By: Cameron Jones
I am what the enrollment office of the University of Arizona would call a non-traditional student. I like to hope that I am relatively normal, but alas, a little "event" a year and a half ago changed that.
And happy, thank you very much.
Listening to some of my closest friends before my wedding, you would have thought I was making the worst mistake of my life.
Apparently, I was far too young to know what I was doing, and far too na've to think that I could balance school and a husband.
They thought I would give up on my education and make babies while barefoot in the kitchen.
Planning my wedding was frustrating because everywhere I would go, whether trying on my dress or picking invitations, someone would invariably comment that I was too young to get married.
The lady hemming my dress asked if I was 16 yet. For the record, I was 20.
Common supposition is that people under 25 do not know enough about themselves to make an intelligent decision regarding a life partner. They say that you will change and grow apart and add to the high number of divorces in this country.
Scientific research used to suggest that women who married young were unlikely to finish their higher education. Women who did pursue a degree and a career were unlikely to marry at all because they postponed their personal lives to gain professional ones.
This attitude is still very prevalent, even though the reality is changing. It is no longer the 1970s, though. More than 30 years later, ideas about educated women have changed.
Women who go to college are very likely to get married eventually, according to Norval Glenn, a sociology professor at the University of Texas at Austin in an article for the Daily Bruin.

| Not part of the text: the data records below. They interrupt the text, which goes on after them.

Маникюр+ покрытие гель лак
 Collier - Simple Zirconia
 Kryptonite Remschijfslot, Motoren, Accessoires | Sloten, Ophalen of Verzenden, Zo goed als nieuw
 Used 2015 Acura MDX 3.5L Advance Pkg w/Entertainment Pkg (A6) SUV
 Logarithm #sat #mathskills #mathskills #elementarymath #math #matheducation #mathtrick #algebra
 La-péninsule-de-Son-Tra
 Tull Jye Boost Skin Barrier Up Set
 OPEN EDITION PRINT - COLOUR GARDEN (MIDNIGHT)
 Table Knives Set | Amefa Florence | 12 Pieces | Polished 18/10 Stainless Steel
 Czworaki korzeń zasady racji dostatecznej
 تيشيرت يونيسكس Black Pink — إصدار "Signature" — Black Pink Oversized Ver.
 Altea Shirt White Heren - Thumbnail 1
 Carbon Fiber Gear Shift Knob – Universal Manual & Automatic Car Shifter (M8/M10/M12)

Also, according to Glenn, "People that are married actually tend to do better in school."
It is refreshing to finally have something to back up my suspicions about the benefits of married life as a student, besides my own experiences.
Does that mean that my husband forbidding me to procrastinate helped me get better grades? Probably. Being forced to be responsible in financial areas like bill paying, credit management, taxes and getting a mortgage may have leaked over into other areas of my life.
I believe that having someone by your side who is committed to going through life with you, and having to be by their side in return, can form a very stable environment for schoolwork.
You want to succeed, not only for yourself, but also for your partner who is rooting for you as well.
Another thing I can be happy about: My husband and I are actually less likely to divorce.
Steve Mintz, co-chair of the Council on Contemporary Families and a sociology professor at the University of Houston said college-educated couples stay married longer than those who are not, according to the Daily Bruin.
Mintz said, "In a world where half the marriages end in divorce, people aren't just marrying for the moment anymore. They're trying to determine how it will sustain. Whether you're likely to grow together has grown more important."
It makes sense, in a backwards sort of way. My friends told me I would change and grow apart from my husband, but perhaps the point is to change and grow together.
By postponing marriage, one can establish their individuality, but they may give up the ability to mesh lives and goals with someone else.
If the point is to support each other along the journey, getting married young isn't such a bad idea.
Sure, it's not for everyone; only 15 percent of college students across the country are married.
But for some, it's the right decision at the right time. Perhaps it's time for a shift in perspective.
Getting married in college can be beneficial and does not mean that a person is going to give up an education and future goals. It just means that person is going to share them with someone.